Tuesday, March 10, 2009

Updated python code for get html source

Yesterday I made little update to my function get_html_source() that gets the content of a page. I did so because I found that my previous function didn't support HTTP POST. Now the code supports both HTTP GET and HTTP POST. It also returns the cookiejar along with the html content of the page.


def get_html_source(url, referer = '', data = 0, cj = 0, retry_counter = 0):
    if retry_counter > 0:
        print 'Trying Again...'
    if retry_counter > 3:
        print 'Could not get source from url:', url
        return '', ''
    try:
        if cj:
            opener = urllib2.build_opener(urllib2.HTTPCookieProcessor(cj))
        else:
            opener = urllib2.build_opener()

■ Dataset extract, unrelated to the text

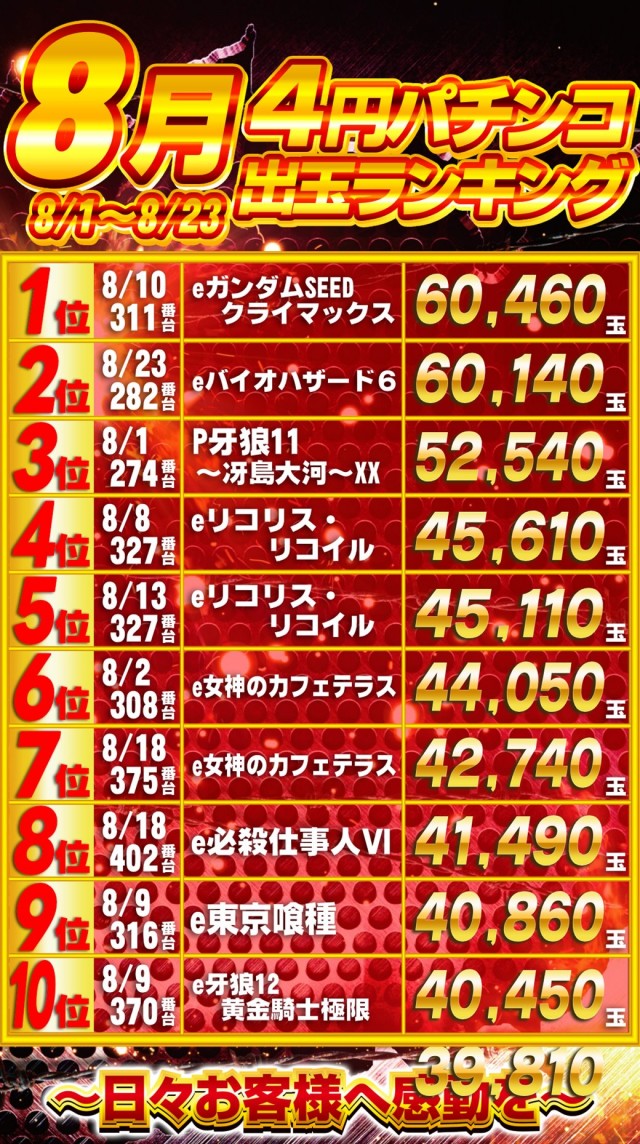 ガイアひたちなか店の最新情報画像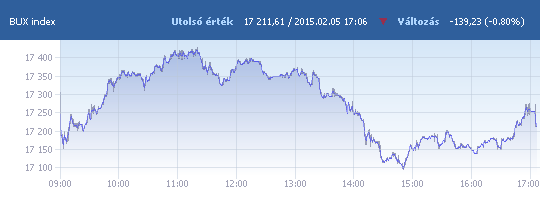 BUX: 17 211,61 pont, -0,80 százalék záráskor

        opener.addheaders = [('Referer', referer),
                 ('Content-Type', 'application/x-www-form-urlencoded'),
                 ('User-Agent', 'Mozilla/5.0 (Windows; U; Windows NT 5.1; en-US; rv:1.8.1.14) Gecko/20080404 Firefox/2.0.0.14'),
                 ('Accept-Encoding', 'gzip,deflate')]

        if data:
            # HTTP POST
            usock = opener.open(url, data)
        else:
            # HTTP GET
            usock = opener.open(url)
        
        content = decode(usock) # I think I have already written the code of decode funtion
                                # in another post. If you can't find it, just leave a comment
                                # here and I shall post the code again.
        usock.close()                
        return content, cj
    except urllib2.HTTPError, e:
        print 'The server couldn\'t fulfill the request. for url: ', url
        print 'Error code: ', e.code
        return get_source(url, referer, data, cj, retry_counter + 1)            
    except urllib2.URLError, e:
        print 'We failed to reach a server.'
        print 'Reason: ', e.reason
        return get_source(url, referer, data, cj, retry_counter + 1)